> _INPUT DATA_
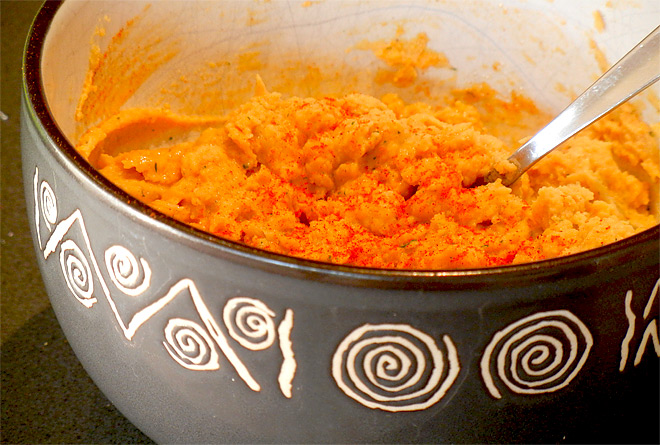 Humus (Kichererbsen-Pree) mit Paprika-Pulver bestreut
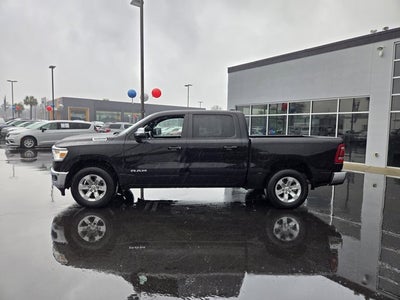 2024 RAM 1500 Laramie Crew Cab 4x2 5'7' Box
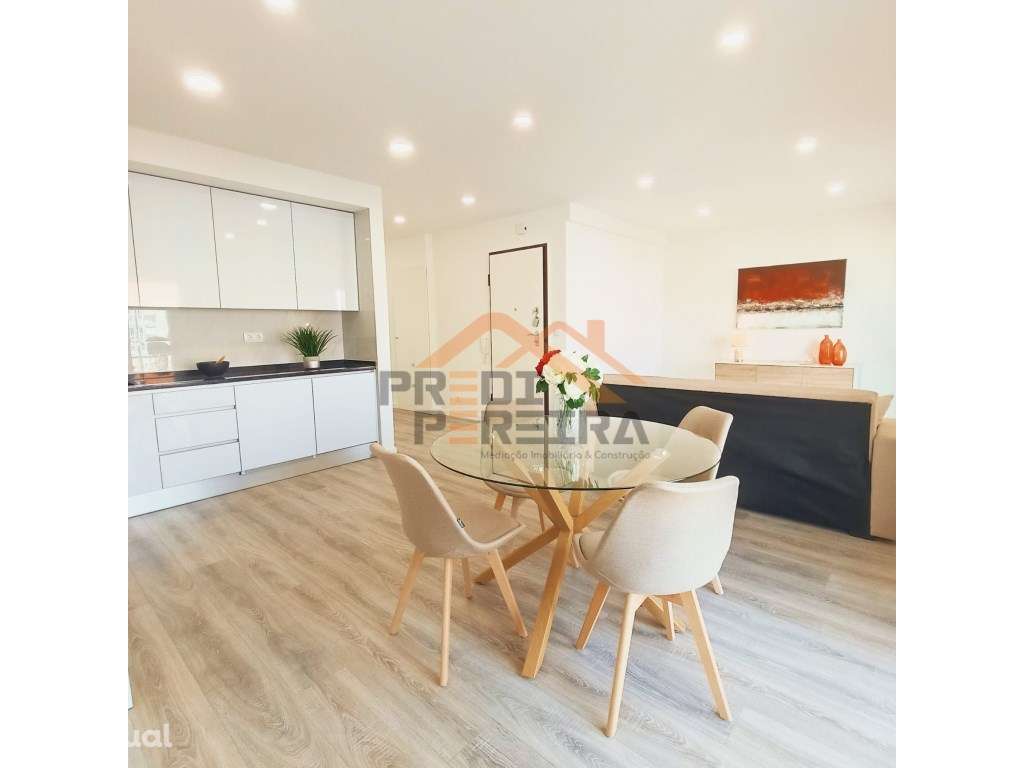 Apartamento T3, com varanda, em Benfica. - Grande imagem: 2/21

> _TASK REQUIREMENTS_
Repeat the material above exactly; pictures do not belong in the copy.

> _WRITTEN SOLUTION_
 Humus (Kichererbsen-Pree) mit Paprika-Pulver bestreut
 2024 RAM 1500 Laramie Crew Cab 4x2 5'7' Box
 Apartamento T3, com varanda, em Benfica. - Grande imagem: 2/21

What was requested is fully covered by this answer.